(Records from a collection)
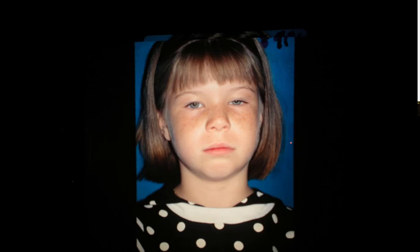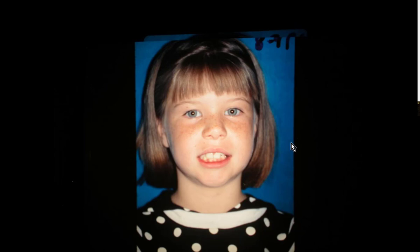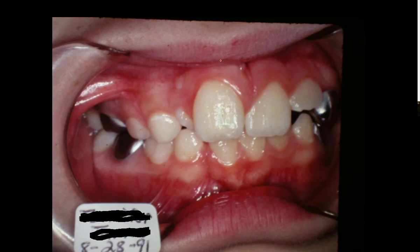I'll go as fast as I can — there are a lot of pictures to go through. Her smile is nice; she doesn't show a lot of gum tissue, so this is good. Now this supernumerary tooth — we just drew it in. Actually, it's a little higher up than shown here, and we'll see it on X-rays in just a minute. We'll see other things wrong with the case, but nothing terrible.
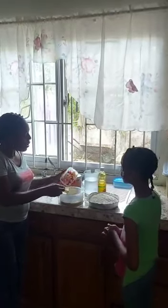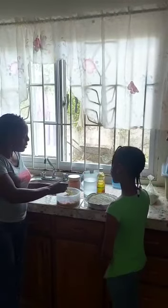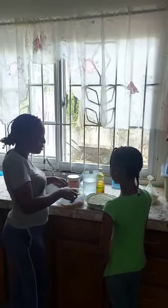Over here I have onions, pepper and tomatoes. Now the pepper that I have added is just for flavor. We are not going to put enough pepper for it to get too hot and spicy - it is just for flavor. Unless you love spicy food, you can add according to your taste. So now I am going to add the finely chopped tomatoes, onions and pepper to the crushed sardine, and then I will be adding some flour to this mixture.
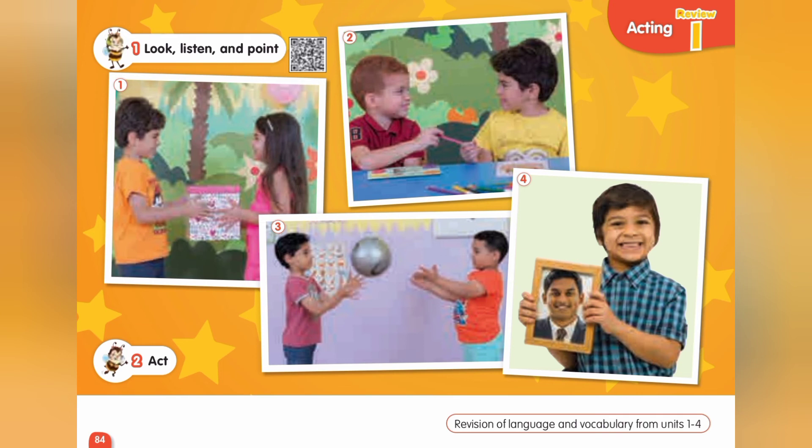Page 84. Exercise 1. Listen and point. One. Thank you, Dina. Two. What's this? It's a pencil. Three. It's a ball. Let's play. Four. This is my daddy.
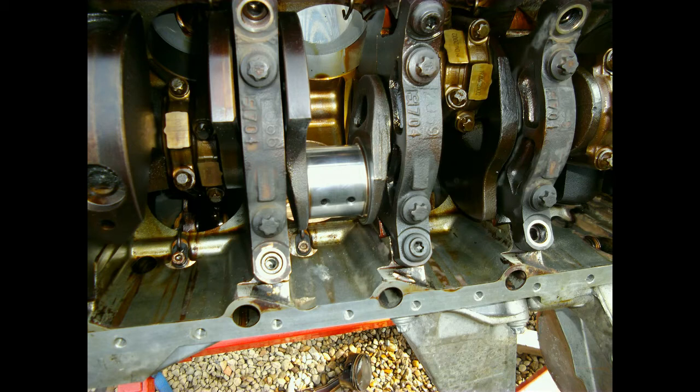Took the other piston on the same journal out as well and gave the journal a first-step polish. I do have to hit it again with a finer compound but this one turned out to be just fine. It is super smooth so I am confident in this process. I will show you how I did it later on.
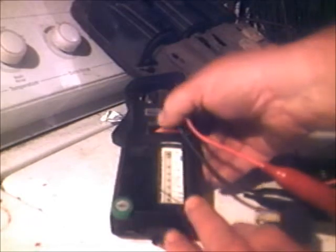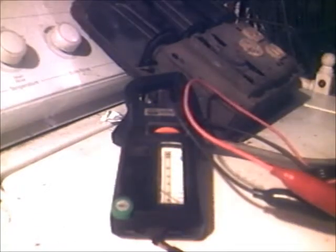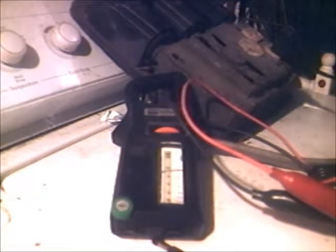That's pegging out right there. Let's just change that to 15 amps. Let's see what we got. On the 15 amp scale, she's running about — right now at this moment — around 11 amps.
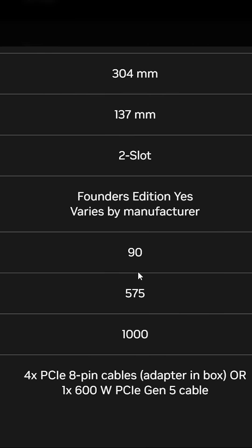The number one reason you might not want to buy a 5090 — believe it or not, in my opinion — it's not the price. The actual reason I don't like the 5090 is heat, the TDP. That's my problem.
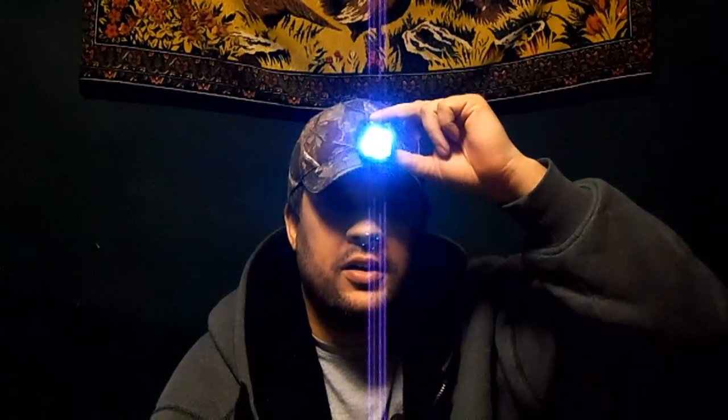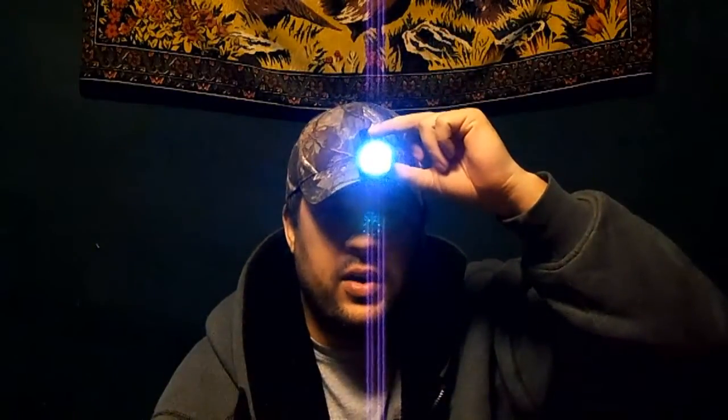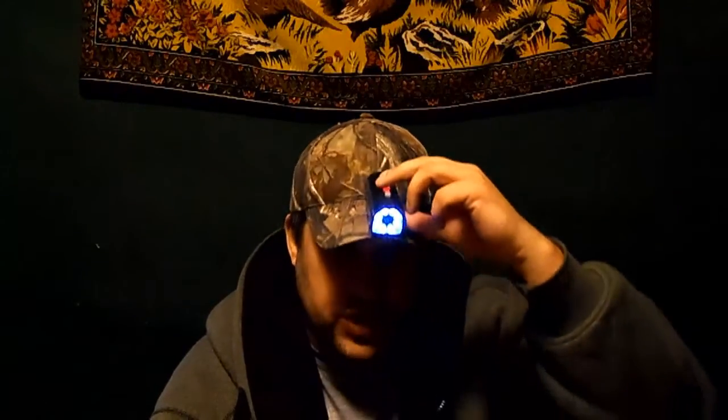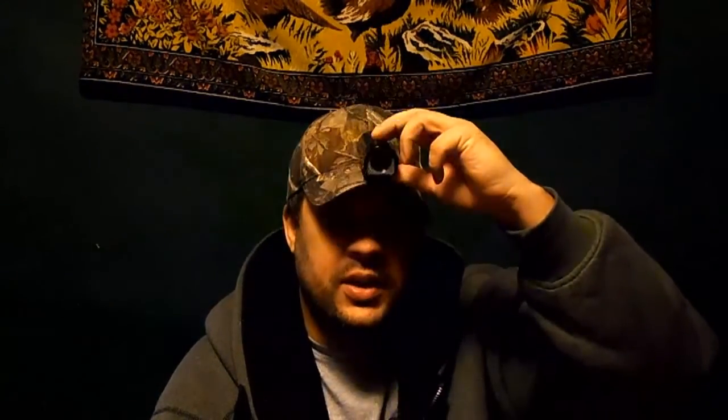This particular camera actually comes with a light in it, so it'll actually film in the dark — not very far away or anything, but enough to see what I'm doing when I'm fishing, or look at a fish or something to that effect.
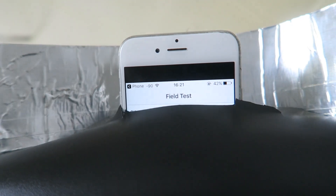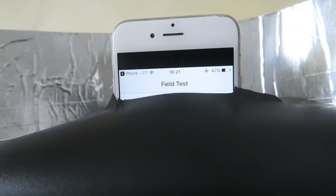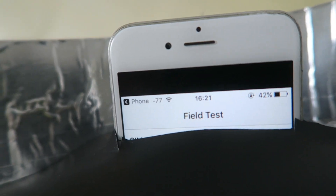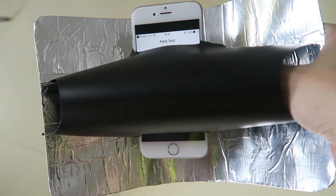It might take a few seconds before the number actually updates. And there you go — minus 77. You can see it there. So just by putting it inside the reflector and pointing it out the window, we've seen a significant improvement.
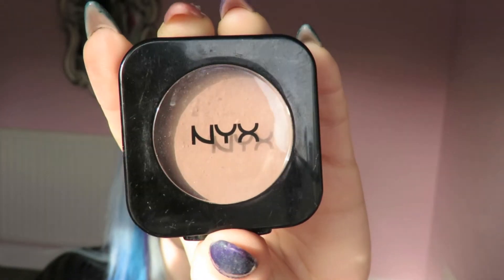Moving on to the face, I'm contouring with NYX blush in Taupe using the Real Techniques 301 flat contour brush. If you'd like to see a review for this brush, I'll link it below — it's a really awesome brush. I'm contouring all the usual places: carving out my cheekbones, taking it up around my temples, and a little bit on my forehead.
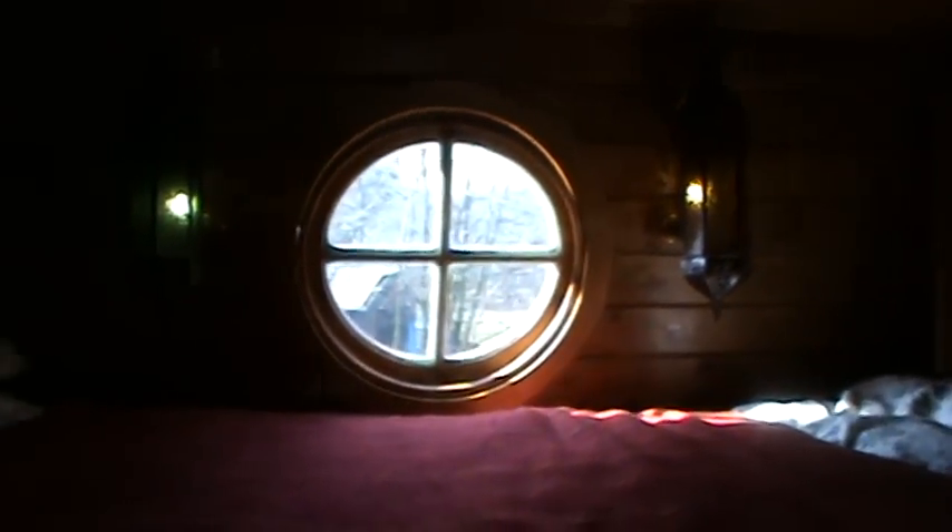Here's our bed up here. This little round window is probably the best thing we've ever bought, because at night it gets so ridiculously hot up here — it's like Africa. We just leave the top of the door open and we get the air coming through. Super comfy mattress, which is pretty lush.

* _Work order_:
The answer must be the part of the records that opens with the line containing "Page 84. Exercise" and closes with the line containing "The number one", reproduced exactly, with no pictures.

* _Solution for this exercise_:
Page 84. Exercise 1. Listen and point. One. Thank you, Dina. Two. What's this? It's a pencil. Three. It's a ball. Let's play. Four. This is my daddy.
Took the other piston on the same journal out as well and gave the journal a first-step polish. I do have to hit it again with a finer compound but this one turned out to be just fine. It is super smooth so I am confident in this process. I will show you how I did it later on.
That's pegging out right there. Let's just change that to 15 amps. Let's see what we got. On the 15 amp scale, she's running about — right now at this moment — around 11 amps.
The number one reason you might not want to buy a 5090 — believe it or not, in my opinion — it's not the price. The actual reason I don't like the 5090 is heat, the TDP. That's my problem.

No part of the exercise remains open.